PMDD is a collection of symptoms, known as a syndrome, that affects some women in the lead-up to their menstrual period. The symptoms are similar to PMS symptoms, but more severe and sometimes disabling, affecting everything from your social life to your job. As well as being more intense, the main symptoms of PMDD are often more psychological than PMS, which can potentially make it a distressing condition to experience. Around 2 to 10 percent of menstruating women are thought to have PMDD, and women who have a history of depression are more likely to experience it.
What are the symptoms of PMDD?
Like PMS, PMDD symptoms can vary, starting from around seven to ten days before your period. The symptoms may change from one cycle to another, and they can continue a few days after your period starts. The emotional symptoms of PMDD can include:
- Feeling sad and/or hopeless
- Anxiety or tension
- Severe mood swings
- Being more angry and irritable than usual
- Arguing with people more than normal
- Losing interest in everyday activities
- Difficulty in concentrating
- Changes in your appetite
- Feeling overwhelmed, as if life is out of control
- Sleep problems
You might also experience physical symptoms like bloating, breast tenderness, headaches, joint and muscle pain.
What can cause PMDD?
The cause of PMDD is unknown, but experts think that it’s a result of the way your hormones interact with chemicals called neurotransmitters in the brain. The levels of hormones produced by women with PMDD aren’t any different to women who don’t have the condition; their brain just reacts to normal fluctuating hormones differently. PMDD isn’t linked to any specific personality traits or stress. Although women with PMDD can often experience stress, the PMDD is likely the cause of the stress, rather than the stress causing the condition.
Can you test for PMDD?
There isn’t a definitive test for PMDD but as a general rule, if;
- you have five of the main symptoms above
- you notice them in the seven days leading up to your period
- they disappear within a few days of the start of your period
- the symptoms are seriously affecting your relationships and daily life,
you could have PMDD. If you feel like this most or all of the time and the symptoms don’t improve once your period starts, it’s unlikely PMDD causes them.

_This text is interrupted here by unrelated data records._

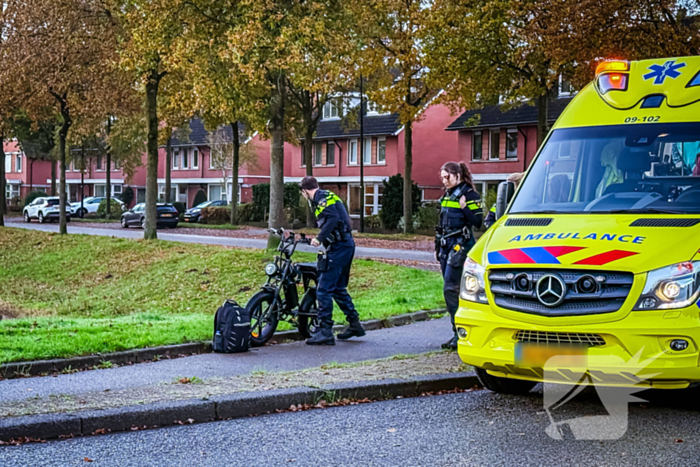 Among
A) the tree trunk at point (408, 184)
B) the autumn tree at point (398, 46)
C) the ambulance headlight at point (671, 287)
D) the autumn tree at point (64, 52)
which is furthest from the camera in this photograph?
the tree trunk at point (408, 184)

Before your doctor diagnoses PMDD, they will talk to you about your mental health to find out how you're feeling generally and make sure there's nothing else going on emotionally that could be making you feel the way you do. You might also be tested for conditions like endometriosis, fibroids or hormonal conditions or menopause. You’ll be asked to keep a diary of your symptoms for a while so that they can be looked at along with your menstrual cycle for any patterns.

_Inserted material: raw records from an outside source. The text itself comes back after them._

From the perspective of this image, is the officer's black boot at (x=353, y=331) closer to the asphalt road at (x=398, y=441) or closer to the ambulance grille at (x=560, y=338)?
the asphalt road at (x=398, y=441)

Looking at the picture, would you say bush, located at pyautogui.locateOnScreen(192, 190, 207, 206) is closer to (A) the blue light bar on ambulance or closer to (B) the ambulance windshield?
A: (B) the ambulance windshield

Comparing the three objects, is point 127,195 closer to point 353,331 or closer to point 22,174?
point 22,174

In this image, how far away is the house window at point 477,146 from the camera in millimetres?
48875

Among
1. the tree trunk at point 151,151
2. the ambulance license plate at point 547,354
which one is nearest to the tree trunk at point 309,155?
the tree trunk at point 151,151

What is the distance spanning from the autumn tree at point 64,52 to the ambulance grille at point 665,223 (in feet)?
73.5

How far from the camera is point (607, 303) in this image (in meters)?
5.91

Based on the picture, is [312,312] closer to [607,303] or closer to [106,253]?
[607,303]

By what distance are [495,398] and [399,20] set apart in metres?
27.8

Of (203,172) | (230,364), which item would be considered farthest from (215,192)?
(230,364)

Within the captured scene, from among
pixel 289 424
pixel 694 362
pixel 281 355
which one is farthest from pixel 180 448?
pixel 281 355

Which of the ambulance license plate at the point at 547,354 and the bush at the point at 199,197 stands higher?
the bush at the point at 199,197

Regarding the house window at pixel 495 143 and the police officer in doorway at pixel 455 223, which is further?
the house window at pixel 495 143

What treatment is there for PMDD?
There are four main approaches to treating the symptoms of PMDD:
Some of the physical symptoms can be treated with over-the-counter medicines:
- Painkillers such as aspirin or ibuprofen for headache, breast tenderness, aches and pains or cramps
- Over the counter diuretics (water pills) can relieve the bloating from fluid retention
There aren’t any specifically licensed drugs for treating the anxiety caused by PMDD, but your doctor may recommend you try an anti-anxiety medication to see if that helps.
A type of antidepressant called a selective serotonin reuptake inhibitor (SSRI) can effectively treat PMDD.
Hormonal medicines such as oral contraceptives can be used to prevent ovulation, which stops PMDD symptoms. Sometimes progesterone or oestrogen have been used to help to relieve symptoms, but whether this approach works isn’t clear.
Professional counselling can help some women find ways to cope with their PMDD. Complementary therapies including relaxation, meditation, yoga and reflexology can also be useful, although there isn’t much evidence to prove whether they work or not.
Some experts think that limiting your salt, caffeine, sugar and alcohol intake helps women with PMDD, along with taking dietary supplements including vitamin B6, vitamin E, calcium and magnesium. It might help – there haven’t been enough studies to prove or disprove this.
Although exercise like walking or swimming is known to help PMS symptoms, it’s unknown whether exercising can help the psychological symptoms you get with PMDD.
Is there a cure for PMDD?
The only permanent treatment for PMDD is a hysterectomy, which is only advised iIn very extreme circumstances, if nothing else has worked. There’s no one-size-fits-all guaranteed treatment for the condition, as it affects different women in different ways.
Is PMDD a mental health illness?
Since 2013 PMDD has been formally recognised by the Diagnostic and Statistical Manual of Mental Disorders. Still, critics have disagreed with this, saying that categorising PMDD as a mental illness contributes to stereotypes about women’s ‘emotional instability’.